Gang, here's something that should be considered... The rotor, pad, caliper, brake fluid, and TIRE COMPOUND all play a role. How much airflow you can get to the rotors (and what is not to much, depending on the atmospheric conditions) and what type of track you are driving will also lend themselves to the mix...

Advising to use "X" pad for anyone in the intermediate to advanced driving category really is a hard nut to crack.
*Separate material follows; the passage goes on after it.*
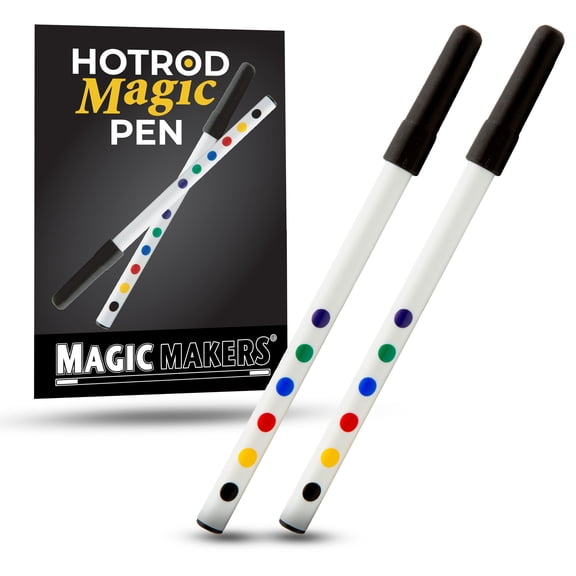 HotRod Pen - Blue and Red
Stevo, You know I've recommended Pagid Yellows in the past, but I must admit, the more I drive on them, the less I like them. I don't like the lack of bite, the lack of release, and the lack of "feel" as compared to the HAWKS I'm running on our specmiata. Something I've questioned for the last year is why PAGIDs have always been recommended... I remember when I bought my Porsche, my closest Porsche friend at the time said "Don't put those Hawks you been running on your Vette on that thing. They won't hold up". So I did as I was told... But those "Hawks" have performed flawlessly on every other platform I've driven over the years... Now, This last statement isn't meant to "Beat up on Pagid". I still have a BUNCH of their pads I'm going to finish up with before experimenting with something else. But that said, the charictaristics of my car are different than yours, and different than Larry's and so on and so forth. Each of us drives differently, too. This all lends to different people walking away with different impressions about pads and what they do for them. Maybe it has less to do with a pad's performance and more to do with a contaminant in the caliper? Or not enough cooling? Or maybe something else... Who knows... The point is that the variables are greater than an amature like me could ever want to guess at.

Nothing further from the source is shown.